To create an “open” version of the VLC, which will enable interacting with real social media environments, we are currently adding intelligent components for detecting toxic content and for analyzing learner comments. To be of actual practical use it is paramount that any such classifiers perform well enough. To achieve this, we incorporate state-of-the-art approaches that we have developed as part of the project and which have been demonstrated to be robust and competitive across classification tasks (e.g., toxic comment and fake news detection) and languages (Italian, German, English), e.g., [4]. We are also actively pursuing the possibility to use GCN based detectors which should allow us to flexibly integrate contextual information from different sources [29].

7 Conclusion

We report on the efforts made by Project Courage to mitigate and overcome this toxic social media content through a special education technology inspired by psychological and pedagogical approaches. The goal is to implement a series of tools based on the scenarios leading to empower young people to interact with and use social media confidently and to increase their awareness and resilience such tools were implemented in the similar works utilizing chatbot in the learning procedure in the social media like the i-LearnC# and FLOKI approaches [30, 31].

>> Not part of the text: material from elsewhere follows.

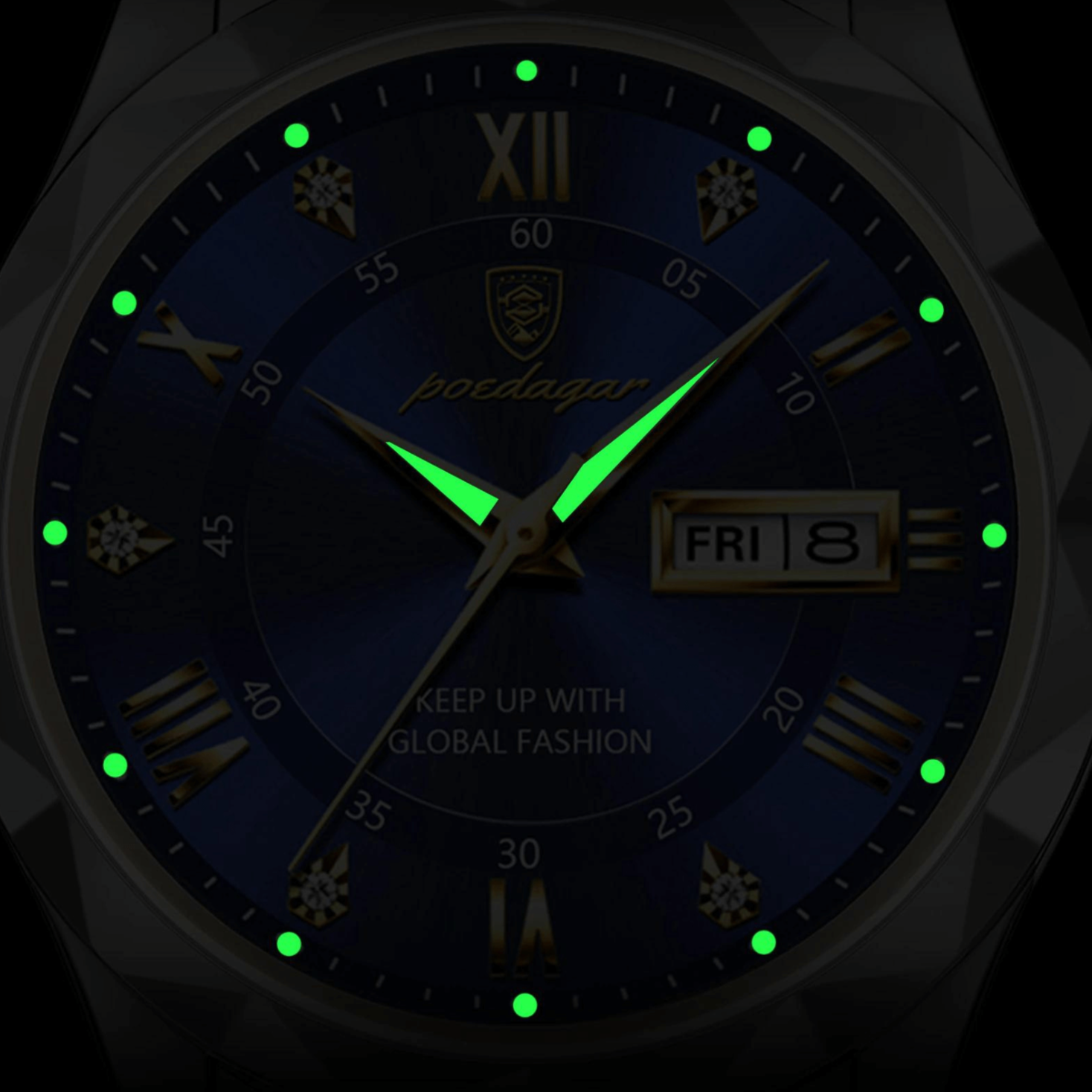 Lumistel Men's Stainless Steel Wristwatch For Timeless Style And Durability | Lersk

This approach presented a modular technical architecture for the web-based companion system. Modularity empowers us to be flexible and add new features and technical components based on the design with a minimal logical process. The Plugin can be employed in a controlled environment like PixelFed instance and open social media like Instagram and Facebook. The main components of the VLC are NLP/ML API, RIS module, and Narrative scripts. These modules can be enabled according to the learning scenario and will deliver to the user via interaction with the companion chatbot.